Notice what Boaz does not do. He doesn’t tell Ruth to make her request known to the nearer redeemer. No, instead he makes it clear that he will himself approach the man and settle the matter soon (3:18). This is significant, Boaz is going above and beyond in taking up the cause of Ruth (and Naomi). Ruth was a foreigner and a widow, she would have been vulnerable to being taken advantage of and strung along. Yet, Boaz will see that the matter is resolved immediately because he is a noble man (2:1).

Boaz’s conversation with the man is seen in Ruth 4:1-12. When Boaz first mentions the prospect of redeeming the land of Elimelech, Naomi’s dead husband, the man is willing. However, when he learns that the land will also come with the responsibility of providing for Ruth and Naomi by marrying Ruth and having children to inherit the land, well, the deal sours in the man’s eyes. He says he can’t be the redeemer lest he “impair his own inheritance” (4:6). Essentially, what he means is that it will cost him too much to do that. Redeeming Ruth and Naomi will reduce what he has and therefore diminish his ability to send forth his name and wealth through his offspring.
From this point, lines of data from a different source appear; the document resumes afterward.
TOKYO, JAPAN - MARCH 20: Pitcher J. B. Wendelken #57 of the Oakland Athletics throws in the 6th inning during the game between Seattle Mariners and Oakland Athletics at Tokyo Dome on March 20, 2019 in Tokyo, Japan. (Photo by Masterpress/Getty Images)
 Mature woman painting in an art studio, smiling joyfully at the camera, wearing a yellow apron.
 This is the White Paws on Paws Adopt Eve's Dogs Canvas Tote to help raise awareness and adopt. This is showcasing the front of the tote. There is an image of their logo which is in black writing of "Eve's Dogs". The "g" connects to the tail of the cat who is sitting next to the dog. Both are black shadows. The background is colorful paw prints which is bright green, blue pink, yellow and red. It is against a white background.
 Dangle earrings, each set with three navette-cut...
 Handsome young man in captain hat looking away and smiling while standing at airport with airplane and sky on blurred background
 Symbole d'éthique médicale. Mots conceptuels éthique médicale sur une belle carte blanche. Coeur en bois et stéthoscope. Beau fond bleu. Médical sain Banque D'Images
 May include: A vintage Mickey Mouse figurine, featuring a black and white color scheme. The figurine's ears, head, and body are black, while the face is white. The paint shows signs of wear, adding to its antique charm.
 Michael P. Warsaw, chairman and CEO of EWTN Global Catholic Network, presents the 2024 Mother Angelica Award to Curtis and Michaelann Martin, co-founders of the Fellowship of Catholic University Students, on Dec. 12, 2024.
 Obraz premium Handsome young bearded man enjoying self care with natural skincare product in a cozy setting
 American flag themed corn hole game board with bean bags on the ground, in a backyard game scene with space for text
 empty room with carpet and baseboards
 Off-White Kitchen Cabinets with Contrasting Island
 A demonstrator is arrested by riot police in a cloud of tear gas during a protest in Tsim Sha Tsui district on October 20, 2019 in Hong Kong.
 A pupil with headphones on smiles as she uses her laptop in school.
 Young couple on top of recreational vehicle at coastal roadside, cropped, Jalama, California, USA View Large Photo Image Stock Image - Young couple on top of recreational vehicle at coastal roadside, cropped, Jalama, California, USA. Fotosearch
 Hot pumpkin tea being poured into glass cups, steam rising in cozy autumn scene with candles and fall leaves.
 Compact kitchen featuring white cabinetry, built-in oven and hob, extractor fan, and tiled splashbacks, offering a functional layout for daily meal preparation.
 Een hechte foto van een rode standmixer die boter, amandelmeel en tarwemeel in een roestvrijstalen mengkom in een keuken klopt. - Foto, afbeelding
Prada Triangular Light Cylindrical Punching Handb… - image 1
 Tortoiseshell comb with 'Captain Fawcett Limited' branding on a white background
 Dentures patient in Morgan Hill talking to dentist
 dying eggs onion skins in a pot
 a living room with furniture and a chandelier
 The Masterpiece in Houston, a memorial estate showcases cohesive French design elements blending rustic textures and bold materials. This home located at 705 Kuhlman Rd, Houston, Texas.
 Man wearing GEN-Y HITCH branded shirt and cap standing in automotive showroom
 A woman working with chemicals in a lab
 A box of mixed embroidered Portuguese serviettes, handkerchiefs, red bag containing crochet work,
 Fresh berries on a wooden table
In his commentary on the passage, Iain Duguid points out that we are not told this man’s name. He is basically referred to as “Mr. So-and-So.” Duguid then wrote:

The irony is that by seeking to protect his future legacy in this way, Mr. So-and-So ended up leaving himself nameless, missing out on having a share in the biggest legacy of all: a place in God’s plan of salvation. Boaz took a different and more sacrificial approach, embracing the opportunity to leave a legacy for someone else…By trying to protect his future, Mr. So-and-So would remain forever nameless. (pgs. 182-3)

Boaz, by being selfless and sacrificial instead of self-seeking, was given a legacy by God that included David and David’s greater Son, Jesus (Matt. 1:5-6, 16). When I read Duguid’s comments I couldn’t help but think of Matthew 10:39 where Jesus said:

“Whoever finds his life will lose it, and whoever loses his life for my sake will find it.”

As Jesus’s disciples, this is what we are called to. Yes, Boaz is a redeemer who points to the ultimate Redeemer, Jesus. And yes, we must know Jesus as our Redeemer by faith. Yet, the call of our Redeemer is to take up our cross and follow Him (Matt. 16:24-25). We are to follow our Savior’s example of sacrifice (Eph. 5:1-2, see previous post).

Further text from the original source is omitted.